▸ Required action
The answer must consist only of the lines in the records below from the line with "4-port 10/100Base-T(X) Industrial" to the line with "2018 Nissan Murano - мініатюра 14", both included, copied word for word with every picture left out.
[[ Provided records, beginning ]]
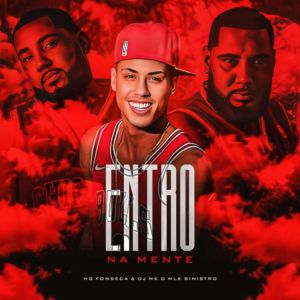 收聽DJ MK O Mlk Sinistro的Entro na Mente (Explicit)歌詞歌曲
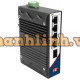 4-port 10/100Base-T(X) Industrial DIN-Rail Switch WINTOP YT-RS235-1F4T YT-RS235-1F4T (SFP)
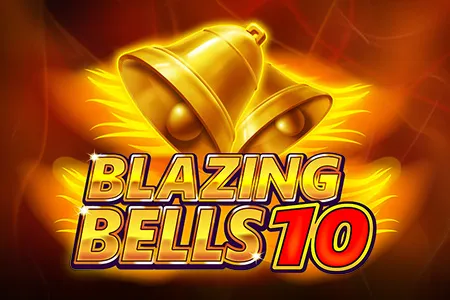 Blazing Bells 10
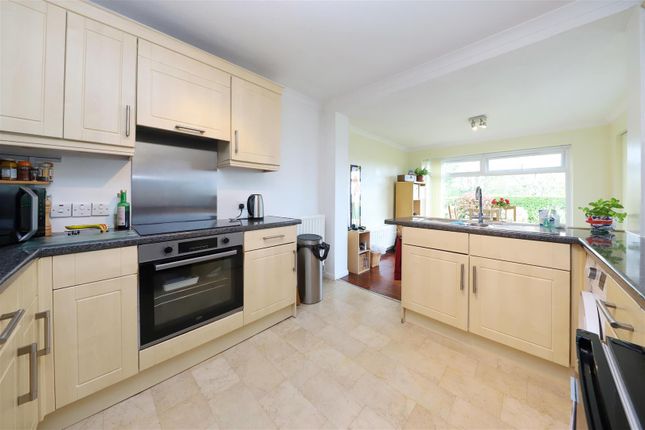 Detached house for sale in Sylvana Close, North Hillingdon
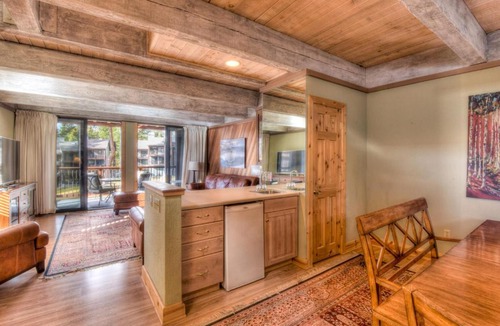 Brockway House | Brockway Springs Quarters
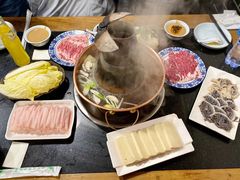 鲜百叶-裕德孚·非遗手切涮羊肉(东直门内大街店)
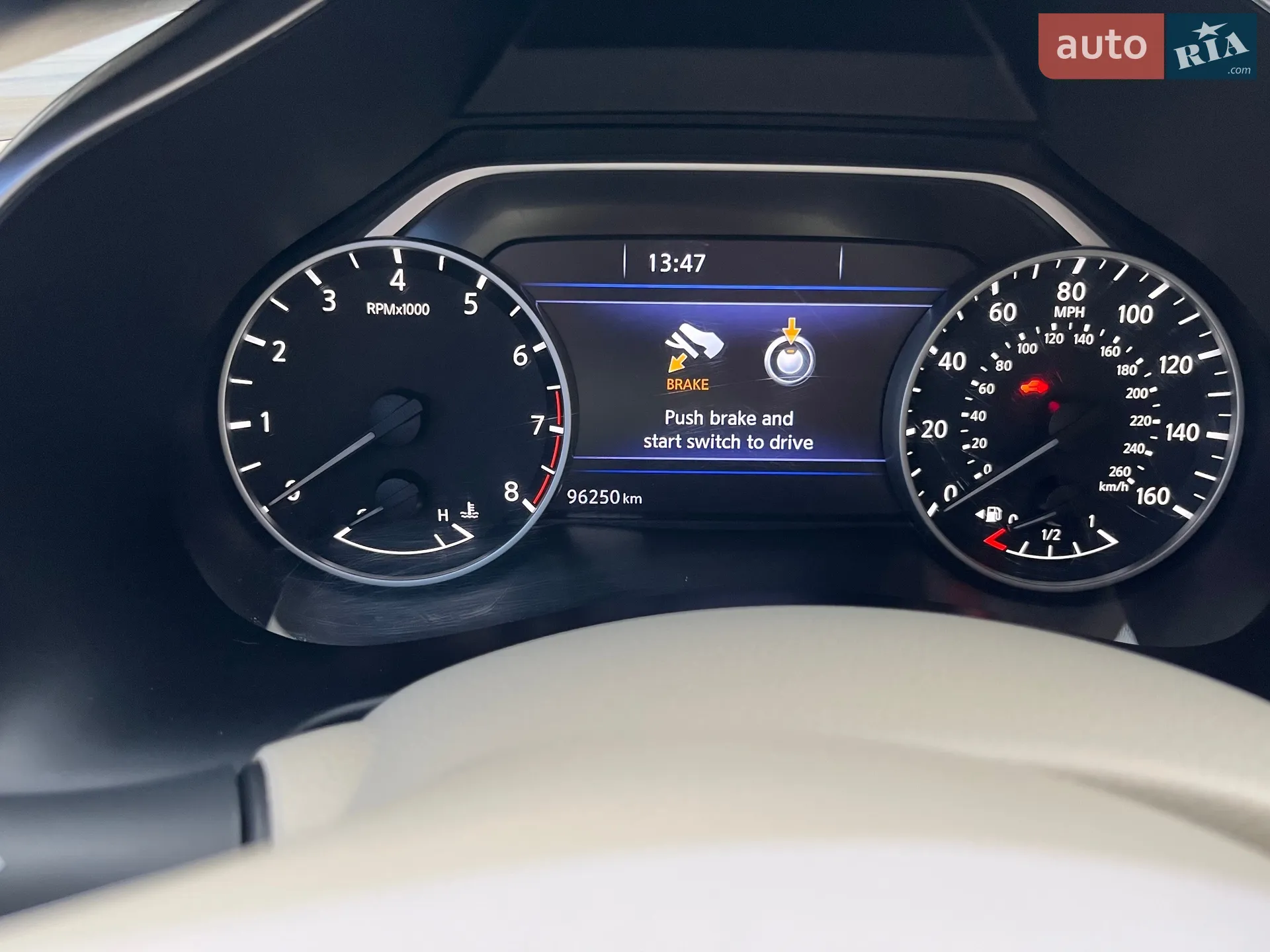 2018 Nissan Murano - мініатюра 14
[[ Provided records, end ]]
[[ Provided records, beginning ]]
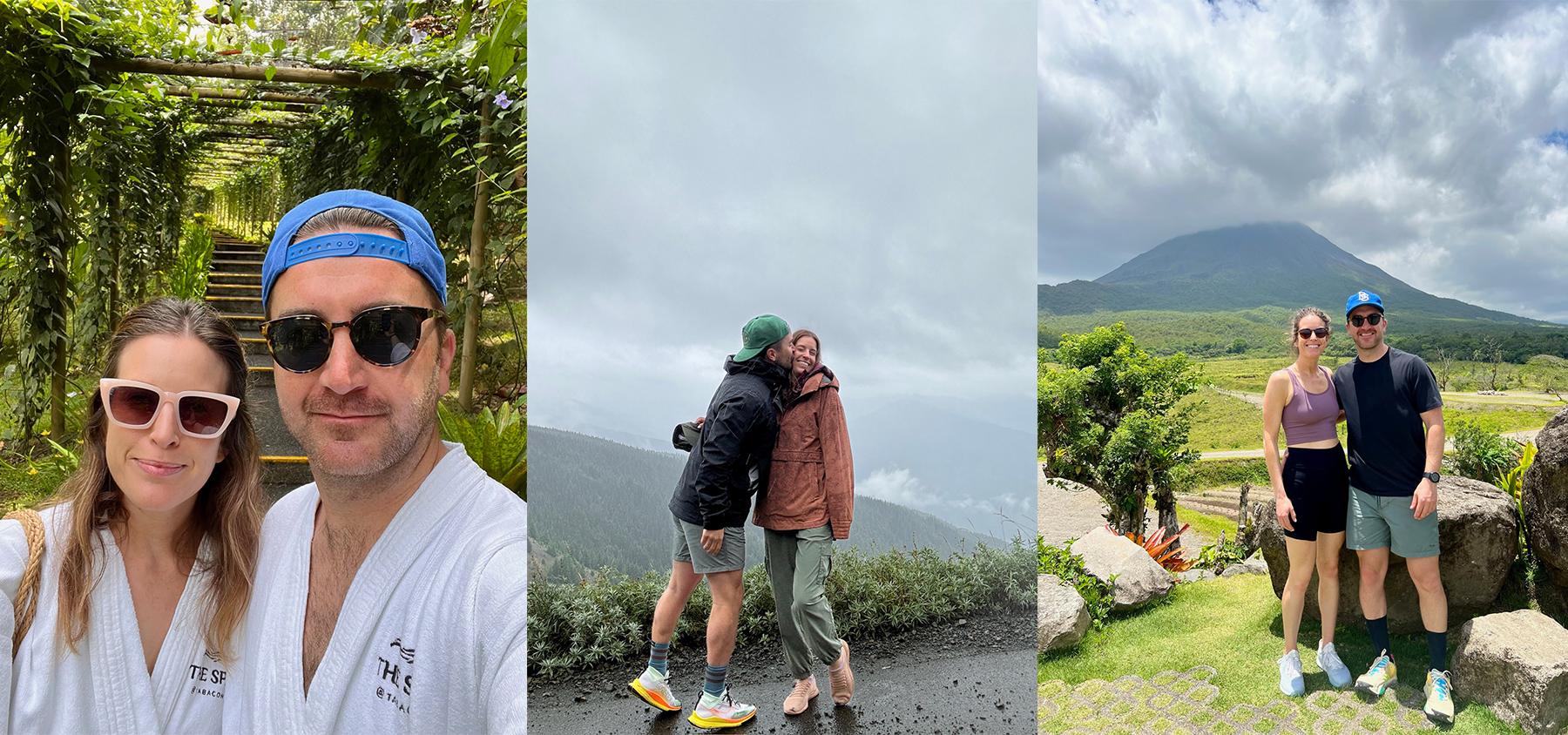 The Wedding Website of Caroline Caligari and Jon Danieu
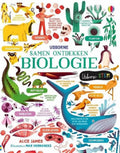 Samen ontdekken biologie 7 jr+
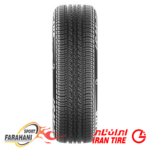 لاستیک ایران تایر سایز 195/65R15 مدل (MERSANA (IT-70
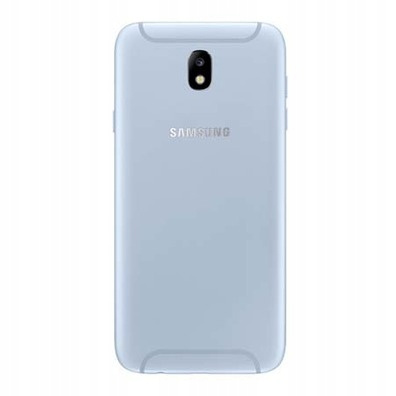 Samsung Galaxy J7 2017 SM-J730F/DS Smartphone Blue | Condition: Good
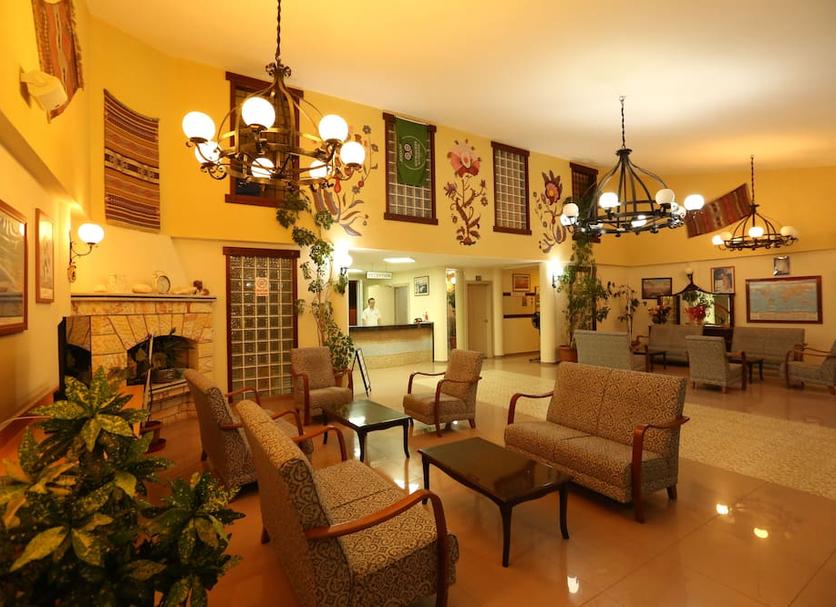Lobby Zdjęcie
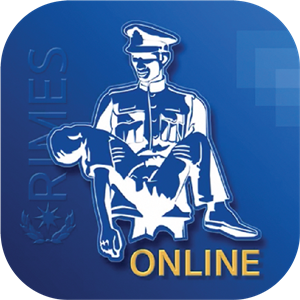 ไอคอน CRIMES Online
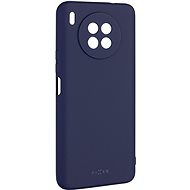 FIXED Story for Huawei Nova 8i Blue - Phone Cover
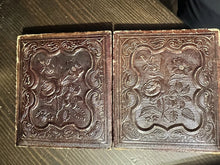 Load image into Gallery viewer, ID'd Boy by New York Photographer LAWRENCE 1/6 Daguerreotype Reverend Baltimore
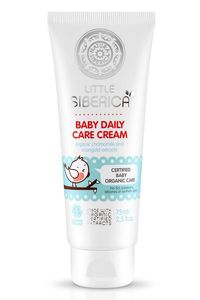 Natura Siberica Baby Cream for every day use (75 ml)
[[ Provided records, end ]]
[[ Provided records, beginning ]]
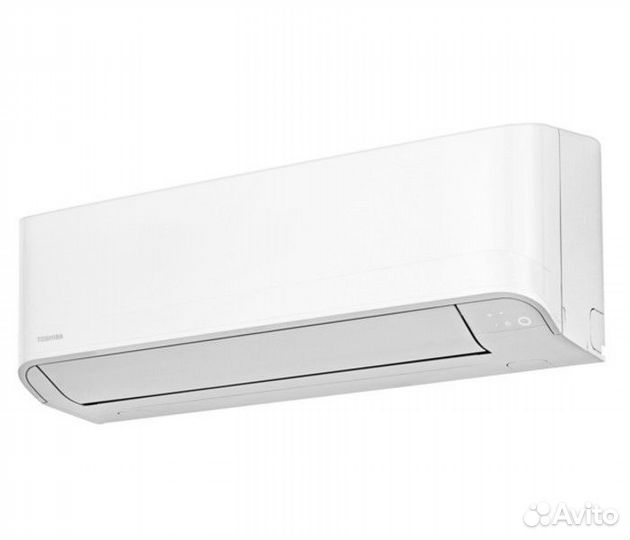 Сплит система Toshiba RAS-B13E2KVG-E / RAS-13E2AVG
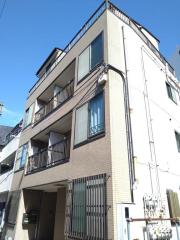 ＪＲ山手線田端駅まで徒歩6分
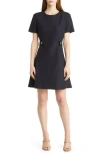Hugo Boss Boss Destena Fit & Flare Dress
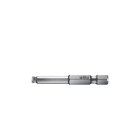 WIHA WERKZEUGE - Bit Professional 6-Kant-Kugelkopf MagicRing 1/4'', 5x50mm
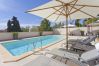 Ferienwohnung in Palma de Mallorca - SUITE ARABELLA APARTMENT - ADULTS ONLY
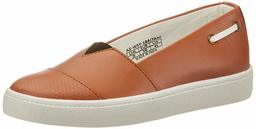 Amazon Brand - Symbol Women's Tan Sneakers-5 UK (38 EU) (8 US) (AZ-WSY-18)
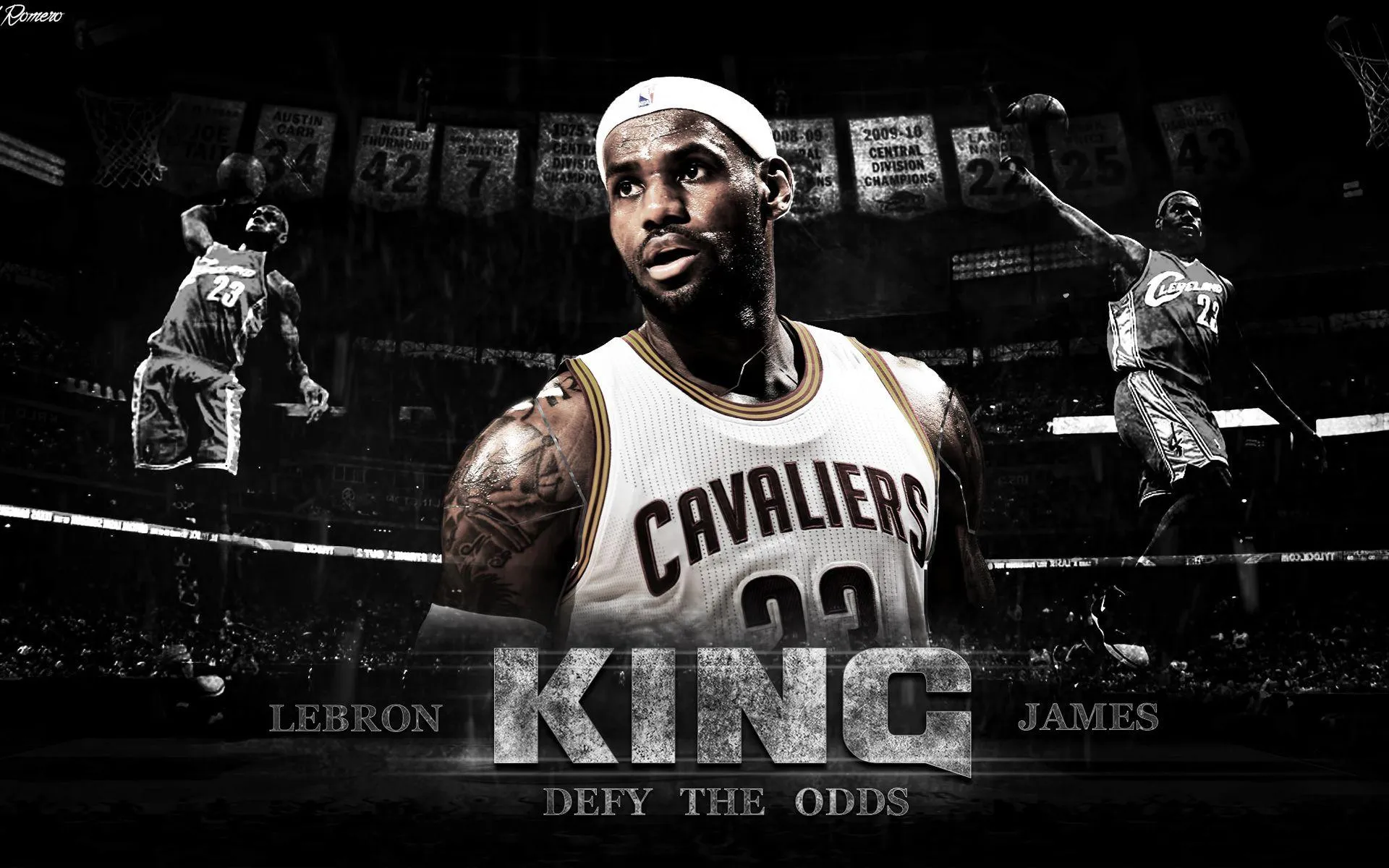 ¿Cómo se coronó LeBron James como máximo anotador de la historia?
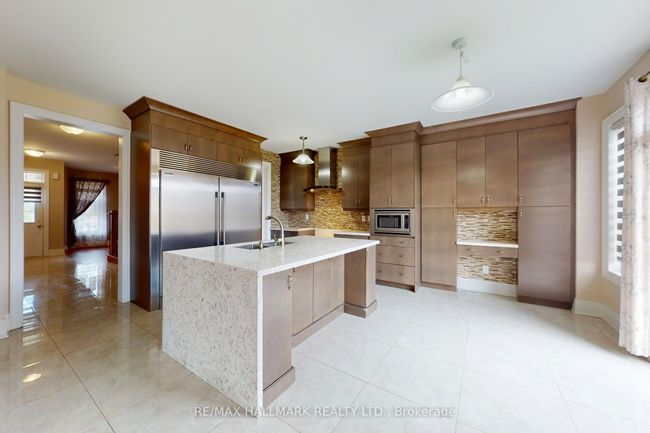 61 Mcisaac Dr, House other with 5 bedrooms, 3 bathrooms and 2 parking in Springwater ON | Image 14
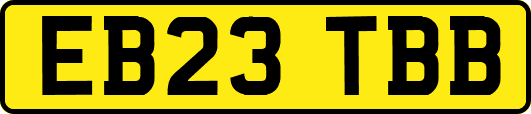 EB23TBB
[[ Provided records, end ]]
▸ Solution for this task
 4-port 10/100Base-T(X) Industrial DIN-Rail Switch WINTOP YT-RS235-1F4T YT-RS235-1F4T (SFP)
 Blazing Bells 10
 Detached house for sale in Sylvana Close, North Hillingdon
 Brockway House | Brockway Springs Quarters
 鲜百叶-裕德孚·非遗手切涮羊肉(东直门内大街店)
 2018 Nissan Murano - мініатюра 14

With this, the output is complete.